Croisières sur la Côte d’Azur : l’État propose une régulation, Nice et Cannes jugent les mesures insuffisantes
- Par Valérie Noriega --
- le 13 octobre 2025
Les services de l’État ont présenté, vendredi 10 octobre, un ensemble de mesures destinées à encadrer l’accueil des navires de croisière sur le littoral des Alpes-Maritimes. Ces dispositions, élaborées à l’issue de plusieurs mois de concertation entre les préfectures, les collectivités et les acteurs économiques, visent à concilier « protection de l’environnement et de la santé publique » avec « les enjeux économiques et touristiques » du secteur.
Le dispositif, détaillé par le préfet des Alpes-Maritimes, Laurent Hottiaux, et le préfet maritime de la Méditerranée, Christophe Lucas, limite à une moyenne de 2 000 passagers débarqués par escale et à un maximum de 3 000 passagers par port la capacité d’accueil des paquebots. Une seule escale quotidienne de navires de plus de 1 300 passagers sera autorisée, avec un renforcement des restrictions durant l’été. En cas de pic de pollution, les préfets pourront réduire les émissions des navires ou interdire les escales. Les compagnies adhérant à la charte « Croisière durable en Méditerranée » bénéficieront d’une priorité d’accès.
Ces mesures doivent encore être soumises à une consultation publique de 21 jours avant la publication d’un arrêté préfectoral.
Christian Estrosi dénonce un « constat d’échec »
À Nice, le maire et président de la métropole, Christian Estrosi, a réagi sévèrement à ces annonces dans un communiqué, estimant qu’« un constat d’échec s’impose ». Selon lui, les propositions de l’État « auraient un impact marginal sur le littoral niçois et métropolitain » et « ne répondent pas aux attentes légitimes des habitants ».
L’élu réclame une régulation « plus ambitieuse », fondée sur trois principes : limiter strictement le nombre d’escales, interdire l’accès des “géants des mers” et favoriser les navires les moins polluants.

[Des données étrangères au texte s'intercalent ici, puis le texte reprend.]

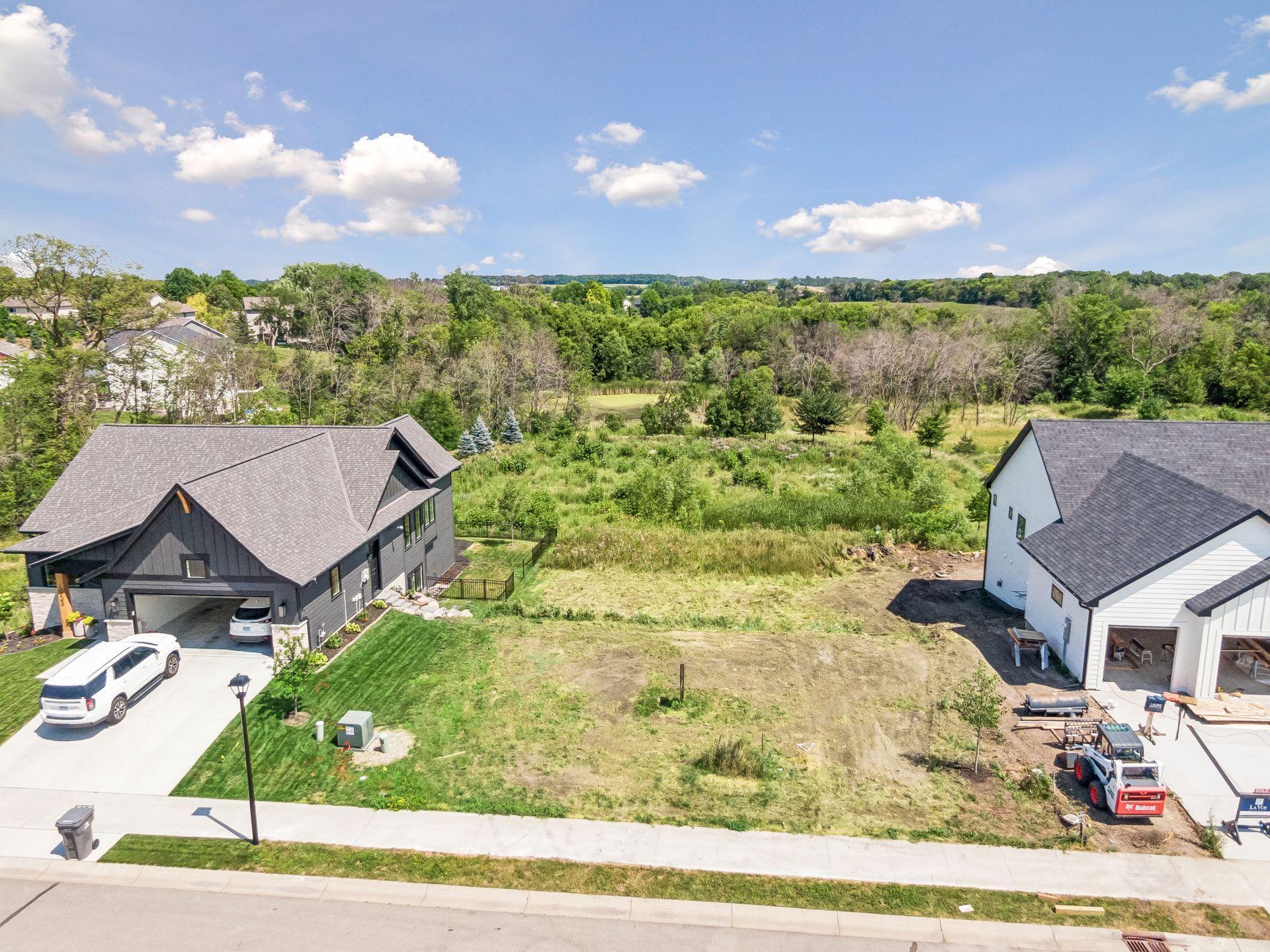 3rd image of 1951 Campfire Dr E, Waconia, MN 55387 | MLS# 7114112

Il a également menacé de déposer un recours contre l’État pour “carence fautive” si les mesures actuelles étaient confirmées sans durcissement, invoquant la nécessité de protéger la santé publique et les écosystèmes côtiers.
David Lisnard défend la souveraineté locale
À Cannes, la municipalité, dirigée par David Lisnard, a elle aussi exprimé ses réserves, tout en saluant « un début de prise de conscience ». Le maire estime toutefois que les seuils proposés par les préfets, « jusqu’à 3 000 passagers simultanément », demeurent « trop élevés » et « plus permissifs » que ceux décidés localement. La ville rappelle avoir déjà adopté en 2022 un plan de régulation prévoyant une réduction de 48 % des escales de navires de plus de 3 000 passagers, un plafonnement à un seul paquebot simultanément en baie et une limitation progressive à 1 300 passagers par navire d’ici 2030.
Pour M. Lisnard, l’approche uniforme de l’État « fait abstraction des spécificités territoriales » et remet en cause « les décisions souveraines prises par les élus au nom des habitants ». Il plaide depuis plusieurs années pour un renforcement des pouvoirs de police des maires sur la gestion des plans d’eau, afin de leur permettre d’appliquer des politiques environnementales adaptées à leur territoire.
Vers un débat public élargi ?
La publication prochaine de l’arrêté préfectoral et la consultation publique qui l’accompagne devraient donner lieu à de nouveaux échanges entre l’État et les collectivités locales.
Entre la volonté des communes d’affirmer leurs prérogatives et la recherche d’une cohérence départementale, la régulation des croisières sur la Côte d’Azur illustre les tensions persistantes entre impératifs environnementaux, attractivité touristique et gouvernance locale du littoral méditerranéen.